Dual Diaphragm Design - Control of Proximity Effect

Date Updated: October 20, 2017
I noticed that my KSM42 does not have the same amount of proximity effect as other vocal mics. How is this accomplished?

The Shure KSM42 is a cardioid condenser microphone with a dual diaphragm capsule. Traditionally, dual-diaphragm capsules are used to create switchable, multiple pattern microphones, like the KSM44A microphone. The KSM42 is unique due to the passive back diaphragm that reduces proximity effect and related low frequency problems.

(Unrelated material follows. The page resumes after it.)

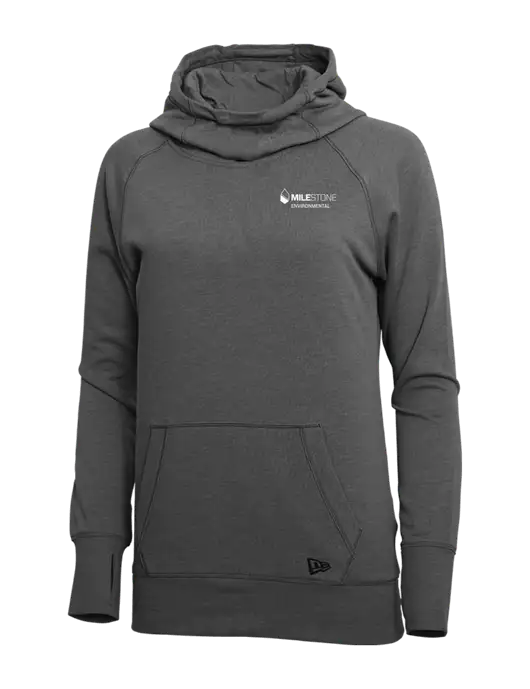 New Era Black Heather Womens Tri-Blend Fleece Pullover Hoodie w/Milestone Environmental Logo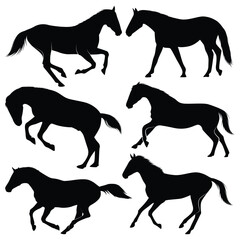Animal Horse Running Silhouettes vector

A single diaphragm directional microphone, like most cardioid microphones, derives its polar pattern by responding to the difference in sound pressure between the front of the diaphragm and the rear of the diaphragm. When sound approaches the diaphragm from the front, the sound wave must travel farther get to the rear of the diaphragm: past the mic front - to the rear entry ports - through an acoustical resistance - to the rear of the diaphragm. Thus, sound reaching the back of the diaphragm will be slightly delayed relative to the sound reaching the front of the diaphragm. This process is known as acoustic phase shift and is a primary factor in determining the polar pattern of the microphone - cardioid, supercardioid, hypercardioid, etc.
If the sound source is close to the microphone, there is a time delay difference between the sound pressures on either side of the diaphragm, along with the increased level of sound due to the closer distance (inverse square law). This results in proximity effect, which is the increase in bass response as a sound source gets closer to the microphone. Proximity effect influences frequencies below 1000Hz and the closer the sound source is to the microphone, the greater the effect becomes on lower frequencies. Proximity effect only occurs with directional microphones. Omnidirectional microphones do not exhibit proximity effect as the rear of the diaphragm is blocked.
The KSM42 has additional passive diaphragm located behind the active front diaphragm. This passive back diaphragm serves as an additional component in the acoustic phase shift network. At mid and high frequencies, the passive diaphragm is acoustically invisible and the sound reaches the rear of the active diaphragm uninhibited, resulting in a cardioid pattern. At lower frequencies, the passive diaphragm partially blocks the sound from reaching the rear of the active diaphragm. The lower the frequency, the more the sound is blocked. Like an omnidirectional microphone that does not exhibit proximity effect because the rear of the diaphragm is blocked from the sound, the dual-diaphragm KSM42 microphone exhibits reduced proximity effect because some of the sound is blocked. This results in extremely controlled proximity effect, reduced "plosives," and providing a large "sweet spot" for vocalists, while still maintaining a consistent polar pattern throughout its frequency response. The KSM42 also works well as a voice-over microphone.
Note in addition that the KSM9 live performance vocal microphone and the KSM44A multi-pattern studio microphone have controlled proximity effect due to the dual diaphragm design.